**Instructions for the task**
Return an exact copy of the lines from the one holding "X0000053020313200507221346" to the end of the data, including both the starting and final lines. Leave the pictures out.

**Given data**
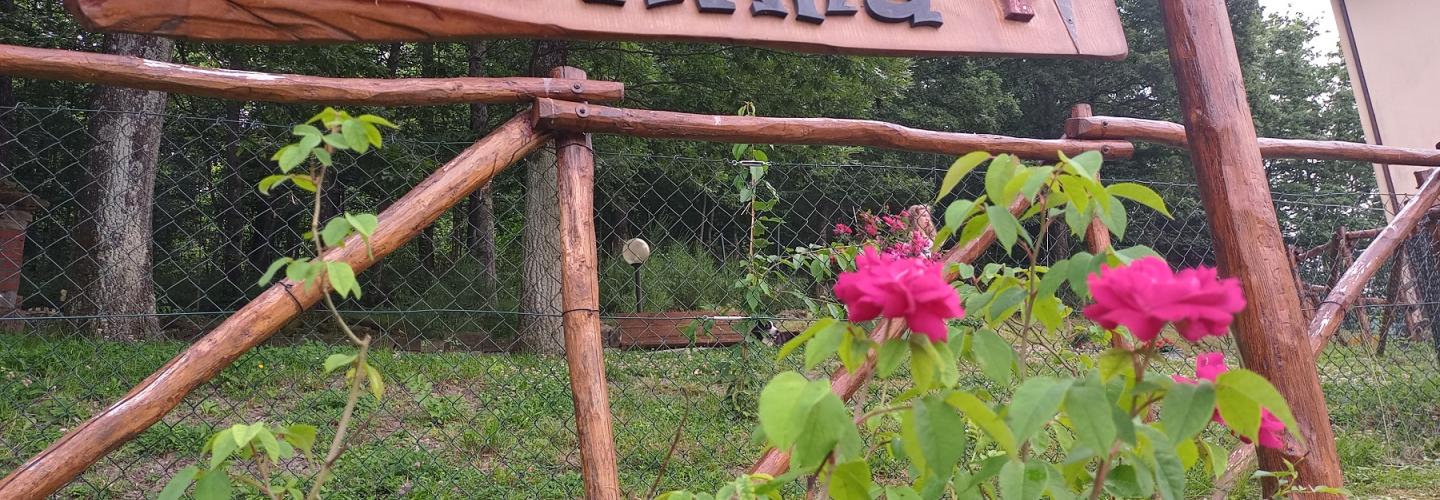 La Casa di Alma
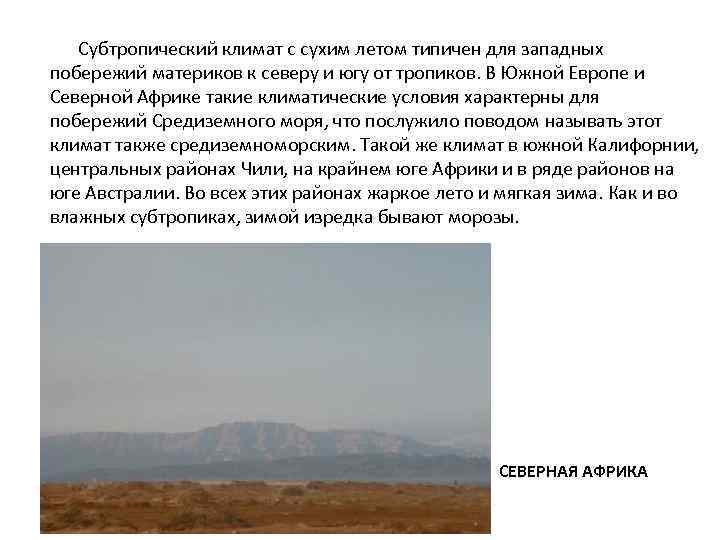 Субтропический климат с сухим летом типичен для западных побережий материков к северу и югу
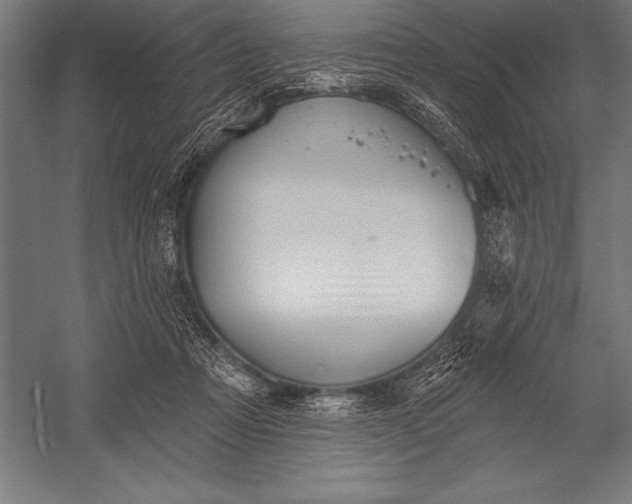 X0000053020313200507221346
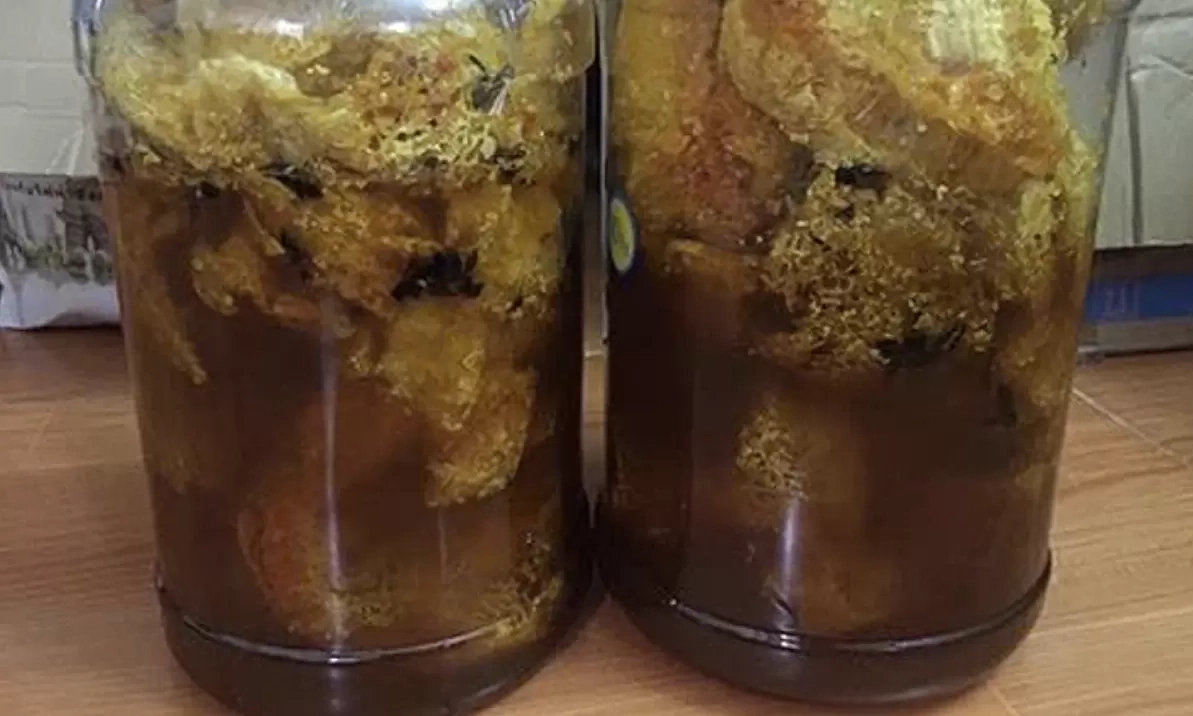 Đau xương khớp có nên uống rượu thuốc?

**Written response**
 X0000053020313200507221346
 Đau xương khớp có nên uống rượu thuốc?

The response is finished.